The old “use it or lose it” adage becomes more important as we get older.
  • Spend ten minutes doodling with your wrong hand.  This forces your brain to work extra hard, and experts believe this sort of exercise causes new synapses—the connections between brain cells—to form. The more synapses we have, the faster we can think.

70+ YEAR-OLDS

In later life, your brain’s processing slows down, so ideas come less frequently. This exercise helps you continue to generate lots of rapid thoughts and allows you to keep going when you feel stumped.

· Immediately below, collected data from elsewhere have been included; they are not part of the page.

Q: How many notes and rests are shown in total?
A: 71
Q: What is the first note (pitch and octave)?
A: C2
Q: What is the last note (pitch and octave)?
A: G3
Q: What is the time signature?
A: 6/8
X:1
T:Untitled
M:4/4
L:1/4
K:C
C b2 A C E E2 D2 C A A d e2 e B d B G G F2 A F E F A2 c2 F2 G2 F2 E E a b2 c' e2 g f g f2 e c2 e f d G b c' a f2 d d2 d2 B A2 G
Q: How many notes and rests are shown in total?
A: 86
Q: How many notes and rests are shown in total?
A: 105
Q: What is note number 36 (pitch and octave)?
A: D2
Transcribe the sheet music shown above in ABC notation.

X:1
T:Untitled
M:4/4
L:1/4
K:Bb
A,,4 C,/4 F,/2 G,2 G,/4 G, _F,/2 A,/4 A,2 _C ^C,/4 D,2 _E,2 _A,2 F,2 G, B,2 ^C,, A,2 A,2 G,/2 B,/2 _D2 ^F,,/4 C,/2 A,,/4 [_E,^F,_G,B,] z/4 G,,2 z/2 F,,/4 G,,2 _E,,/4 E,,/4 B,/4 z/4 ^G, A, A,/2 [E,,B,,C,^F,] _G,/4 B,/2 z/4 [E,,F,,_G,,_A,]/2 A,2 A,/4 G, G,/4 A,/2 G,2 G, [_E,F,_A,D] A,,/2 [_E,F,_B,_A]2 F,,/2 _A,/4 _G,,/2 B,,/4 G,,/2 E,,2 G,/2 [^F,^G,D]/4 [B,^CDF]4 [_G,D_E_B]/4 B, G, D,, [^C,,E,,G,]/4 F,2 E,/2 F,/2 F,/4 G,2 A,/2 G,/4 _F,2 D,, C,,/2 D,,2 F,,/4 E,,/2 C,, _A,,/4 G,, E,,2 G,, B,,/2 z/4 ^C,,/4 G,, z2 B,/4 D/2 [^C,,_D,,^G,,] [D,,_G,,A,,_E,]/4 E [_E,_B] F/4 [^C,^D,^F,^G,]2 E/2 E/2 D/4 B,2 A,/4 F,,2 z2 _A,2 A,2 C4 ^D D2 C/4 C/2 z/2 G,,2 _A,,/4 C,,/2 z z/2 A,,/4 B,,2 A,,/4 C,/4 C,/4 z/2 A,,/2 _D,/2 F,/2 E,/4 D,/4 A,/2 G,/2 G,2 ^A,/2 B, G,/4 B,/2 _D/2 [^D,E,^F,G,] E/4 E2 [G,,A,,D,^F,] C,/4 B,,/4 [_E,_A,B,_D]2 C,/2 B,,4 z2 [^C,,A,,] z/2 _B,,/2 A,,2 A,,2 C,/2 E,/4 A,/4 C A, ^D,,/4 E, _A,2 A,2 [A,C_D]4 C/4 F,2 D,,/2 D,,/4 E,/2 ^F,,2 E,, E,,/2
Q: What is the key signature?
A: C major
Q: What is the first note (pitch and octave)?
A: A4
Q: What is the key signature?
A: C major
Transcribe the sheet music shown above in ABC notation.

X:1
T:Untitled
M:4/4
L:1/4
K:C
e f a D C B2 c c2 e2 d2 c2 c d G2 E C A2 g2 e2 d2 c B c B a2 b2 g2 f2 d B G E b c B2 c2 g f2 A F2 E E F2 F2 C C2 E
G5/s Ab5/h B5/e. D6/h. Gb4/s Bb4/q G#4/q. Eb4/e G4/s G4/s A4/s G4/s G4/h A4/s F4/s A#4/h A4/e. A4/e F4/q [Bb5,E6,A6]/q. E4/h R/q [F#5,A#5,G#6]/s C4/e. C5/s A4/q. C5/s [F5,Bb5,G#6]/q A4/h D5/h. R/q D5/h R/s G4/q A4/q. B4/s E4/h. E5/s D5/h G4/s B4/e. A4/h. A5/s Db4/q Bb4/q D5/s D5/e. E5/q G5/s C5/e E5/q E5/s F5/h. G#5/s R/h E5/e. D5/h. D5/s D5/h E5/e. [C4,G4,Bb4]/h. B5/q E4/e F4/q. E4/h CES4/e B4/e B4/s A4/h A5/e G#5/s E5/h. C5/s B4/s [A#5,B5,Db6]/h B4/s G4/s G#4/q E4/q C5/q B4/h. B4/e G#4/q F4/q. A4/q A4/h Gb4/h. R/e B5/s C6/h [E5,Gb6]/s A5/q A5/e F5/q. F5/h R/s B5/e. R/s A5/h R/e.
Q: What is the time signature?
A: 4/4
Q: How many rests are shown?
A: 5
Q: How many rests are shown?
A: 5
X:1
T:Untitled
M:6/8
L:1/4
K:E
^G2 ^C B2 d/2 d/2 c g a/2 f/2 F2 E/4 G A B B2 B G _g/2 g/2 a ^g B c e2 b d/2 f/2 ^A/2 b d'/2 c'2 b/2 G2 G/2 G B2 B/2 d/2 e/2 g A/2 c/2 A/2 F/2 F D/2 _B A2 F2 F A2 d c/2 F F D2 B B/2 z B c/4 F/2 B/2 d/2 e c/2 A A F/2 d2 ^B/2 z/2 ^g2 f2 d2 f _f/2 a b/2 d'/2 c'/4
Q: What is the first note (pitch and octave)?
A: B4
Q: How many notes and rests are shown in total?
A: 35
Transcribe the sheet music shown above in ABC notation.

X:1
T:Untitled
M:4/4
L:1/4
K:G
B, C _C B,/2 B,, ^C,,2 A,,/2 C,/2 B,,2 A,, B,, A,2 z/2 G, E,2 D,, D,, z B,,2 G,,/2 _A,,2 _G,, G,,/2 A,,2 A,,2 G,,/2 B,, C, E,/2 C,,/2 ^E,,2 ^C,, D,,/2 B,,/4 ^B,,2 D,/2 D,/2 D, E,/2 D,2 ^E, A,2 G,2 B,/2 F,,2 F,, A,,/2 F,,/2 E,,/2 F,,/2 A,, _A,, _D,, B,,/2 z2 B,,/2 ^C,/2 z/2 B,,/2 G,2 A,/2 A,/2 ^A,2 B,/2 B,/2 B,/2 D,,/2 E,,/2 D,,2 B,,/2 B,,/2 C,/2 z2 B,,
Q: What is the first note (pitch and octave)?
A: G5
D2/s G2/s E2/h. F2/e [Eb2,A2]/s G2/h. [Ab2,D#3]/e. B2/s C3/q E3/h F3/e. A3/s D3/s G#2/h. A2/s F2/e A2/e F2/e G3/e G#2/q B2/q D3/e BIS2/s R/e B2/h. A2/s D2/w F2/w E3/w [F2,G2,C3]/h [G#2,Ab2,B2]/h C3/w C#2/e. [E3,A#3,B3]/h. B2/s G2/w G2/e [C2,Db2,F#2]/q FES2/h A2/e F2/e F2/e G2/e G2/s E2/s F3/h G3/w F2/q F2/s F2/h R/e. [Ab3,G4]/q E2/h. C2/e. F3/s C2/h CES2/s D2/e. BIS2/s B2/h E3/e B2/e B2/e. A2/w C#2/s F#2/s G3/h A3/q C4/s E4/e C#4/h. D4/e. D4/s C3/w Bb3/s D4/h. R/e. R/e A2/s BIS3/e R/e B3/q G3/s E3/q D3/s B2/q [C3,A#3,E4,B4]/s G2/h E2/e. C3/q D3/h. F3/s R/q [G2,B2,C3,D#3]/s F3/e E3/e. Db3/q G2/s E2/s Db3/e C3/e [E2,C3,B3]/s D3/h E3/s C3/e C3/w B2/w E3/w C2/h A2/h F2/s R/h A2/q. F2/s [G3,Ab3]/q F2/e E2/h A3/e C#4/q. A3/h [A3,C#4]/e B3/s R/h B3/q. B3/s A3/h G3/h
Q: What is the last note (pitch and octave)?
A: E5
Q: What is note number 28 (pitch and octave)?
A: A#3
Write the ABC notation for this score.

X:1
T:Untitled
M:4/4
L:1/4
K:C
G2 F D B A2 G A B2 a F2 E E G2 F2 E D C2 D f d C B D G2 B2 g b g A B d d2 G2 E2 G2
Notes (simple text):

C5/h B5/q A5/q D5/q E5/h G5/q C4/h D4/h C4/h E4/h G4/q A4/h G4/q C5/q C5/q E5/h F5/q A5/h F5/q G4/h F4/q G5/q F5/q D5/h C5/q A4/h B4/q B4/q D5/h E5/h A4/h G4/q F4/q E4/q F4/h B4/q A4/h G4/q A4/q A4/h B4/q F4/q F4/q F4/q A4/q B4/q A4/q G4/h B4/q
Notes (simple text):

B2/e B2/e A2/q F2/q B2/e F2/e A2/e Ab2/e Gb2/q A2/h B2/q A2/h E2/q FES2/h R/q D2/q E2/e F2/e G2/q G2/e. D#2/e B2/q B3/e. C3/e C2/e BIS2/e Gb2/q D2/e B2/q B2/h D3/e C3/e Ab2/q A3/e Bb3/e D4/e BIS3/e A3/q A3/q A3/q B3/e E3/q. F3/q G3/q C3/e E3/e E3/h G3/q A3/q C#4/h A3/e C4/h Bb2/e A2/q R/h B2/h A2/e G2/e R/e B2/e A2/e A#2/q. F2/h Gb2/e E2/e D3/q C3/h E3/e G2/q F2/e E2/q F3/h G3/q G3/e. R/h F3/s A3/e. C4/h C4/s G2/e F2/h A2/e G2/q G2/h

Roll a six-sided die to select one of the following questions:
  1. How would the world be different if you had two thumbs on each hand? 
  2. How would the world be different if everyone lived forever? 
  3. How would the world be different if there were five sexes? 
  4. How would the world be different if gravity stopped for one second each day? 
  5. How would the world be different if people no longer needed sleep? 
  6. How would the world be different if both sexes could have babies?
List as many facts about this alternative universe as you can; don’t slow down by thinking too hard.
As your short-term-memory capacity declines, you can’t juggle so many things in your head at the same time. Write good ideas down or use aides-memoires so they’re not lost forever, advises psychologist Dr Kamal Birdi of the University of Sheffield.
You should also be prepared to move into other aspects of your personal creative field, adds Dr Birdi. You may not be able to dance like you used to, but you could start teaching others how to.